But I would say the story has always been that angels were a different order of being from humans, and the Christian story has always been that people become saints when they die, not angels. Can you point to a time when the official doctrine/dogma was that angels are dead people/people become angels and not saints?
“Dead people do not become angels” was shorthand for “the orthodox view is that dead people become saints and not angels, and angels are a whole different order of being from humans”.
I mentioned the Immaculate Conception in the OP in the same vein – a lot of people get this confused; here is the orthodox view.
Unfortunately I keep catching “Don’t Laugh at Me” on my iPod – “someday we’ll all have perfect wings” gaaah!
There wasn’t a time when Jesus wasn’t around, but there was a time before he was incarnated.
And I think there’s a Biblical passage that says that in Heaven, we will be like angels. So if you’re going to suppose that angels have wings and harps, beings like them might have those things, too.
I can’t be sure of what the Holy Tabernacle of Holiness Temple of East Armpit, Idaho, says, but that’s way off the beam for any kind of standard-issue Protestantism. In general, apart from occasional eirenic gestures toward the East regarding the Filioque, mainstream Protestants are no different from Roman Catholics when it comes to issues of the Trinity and Incarnation.
Oh, I wasn’t suggesting that it was a mainstream idea. After digging a bit, I find that the Jehovah’s Witnesses and the Seventh Day Adventists both believe as doctrine that St. Michael was the pre-incarnate Christ. The JWs are nontrinitarian (very much a minority view, of course), and I’m not sure about the SDAs. In other words, I don’t know if they believe that Christ was a created being or that St. Michael was not.
Beyond that, the idea seems to have been floated by a few mad Englishmen and some other possible obscure sources that I cannot track down past secondhand references.
Dr. Richard Carrier has put forth some decent evidence which supports the idea that early Christians didn’t believe that Jesus was a flesh-and-blood human, but rather a non-corporeal being, like an angel. Consider, for example, Paul’s account of meeting Jesus on the road to Damascus. Carrier notes that this type of encounter was exactly what you’d expect from a non-corporeal Jesus and it wasn’t until decades later that the story changed to insist that Jesus was born, lived, and died. It’s interesting to note that there are darned few places where Paul even mentions anything about Jesus being born, living, or dying, despite the fact that Paul wrote roughly half of the New Testament. Jesus Studies by Dr. Carrier Here’s a line from that website: “I think it is more likely that Jesus began in the Christian mind as a celestial being (like an archangel), believed or claimed to be revealing divine truths through revelations (and, by bending the ear of prophets in previous eras, through hidden messages planted in scripture).”
Paul’s meeting with Jesus on the road to Damascus was post-resurrection. There is a marked change between the pre- and post-resurrection forms of Jesus; even so, in John chapter 20 we have the account of Thomas being told to touch the wounds of Jesus in order to convince himself of whom he was seeing. Carrier’s thinking resonates strongly of gnosticism.

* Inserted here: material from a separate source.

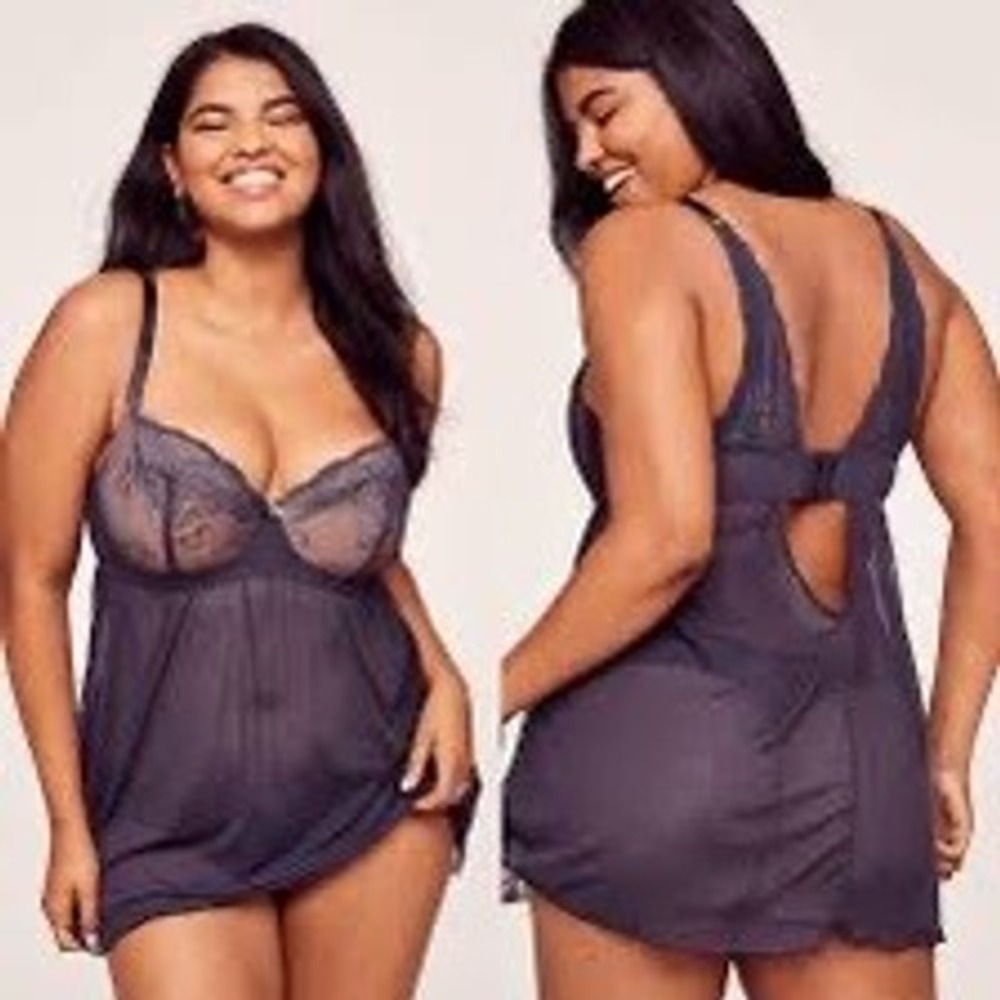 Adore Me Ella Contour Babydoll 40D Purple Lace Mesh Lingerie Gothic‎ Grape NWT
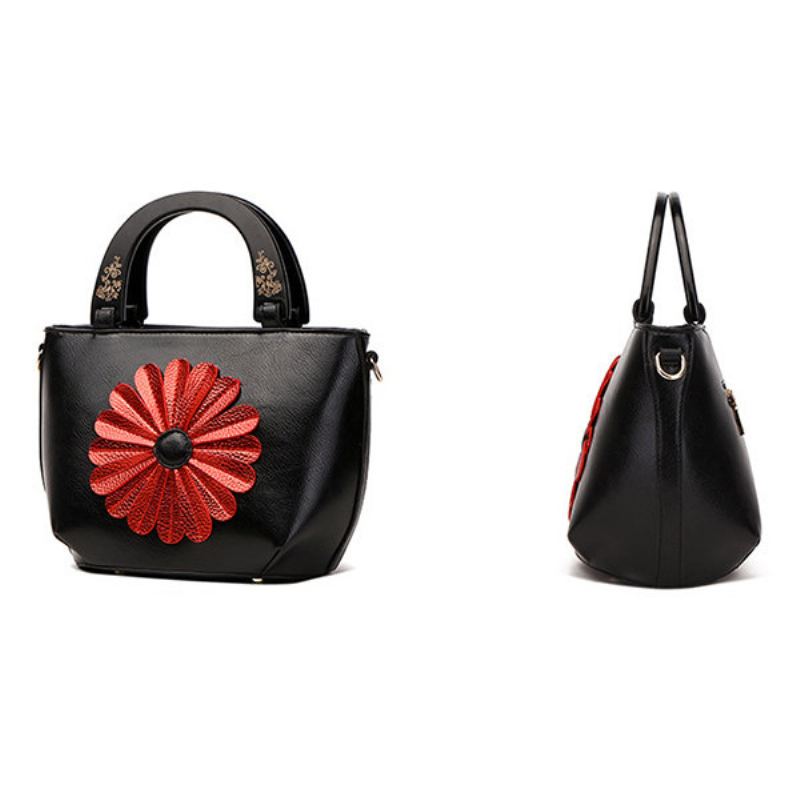 Dámská Kabelka National Pu Leather Flower Crossbody Bag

Yep, that’s what modern Christians would say. But I wonder what the early Christians would say (the ones who lived in the decades after Paul’s writings but before the four canonical gospels had been written).
If you rearrange the books of the New Testament in the order they were written, the early books say almost nothing about Jesus being born, walking around like a human, and dying. It’s the later books which have that stuff in it. The Gospel of John was written a LOONNNG time after Paul’s writings. Like, 50-70 years or so. In many ways, the Gospel of John reads like it’s a rebuttal. It’s as if the writer is saying to the early Christians “No, dummies, you got it all wrong. What I’m telling you is the REAL story”… which kinda makes you wonder just how prevalent those other beliefs were at the time, so much that “John” felt that he needed to rebut them.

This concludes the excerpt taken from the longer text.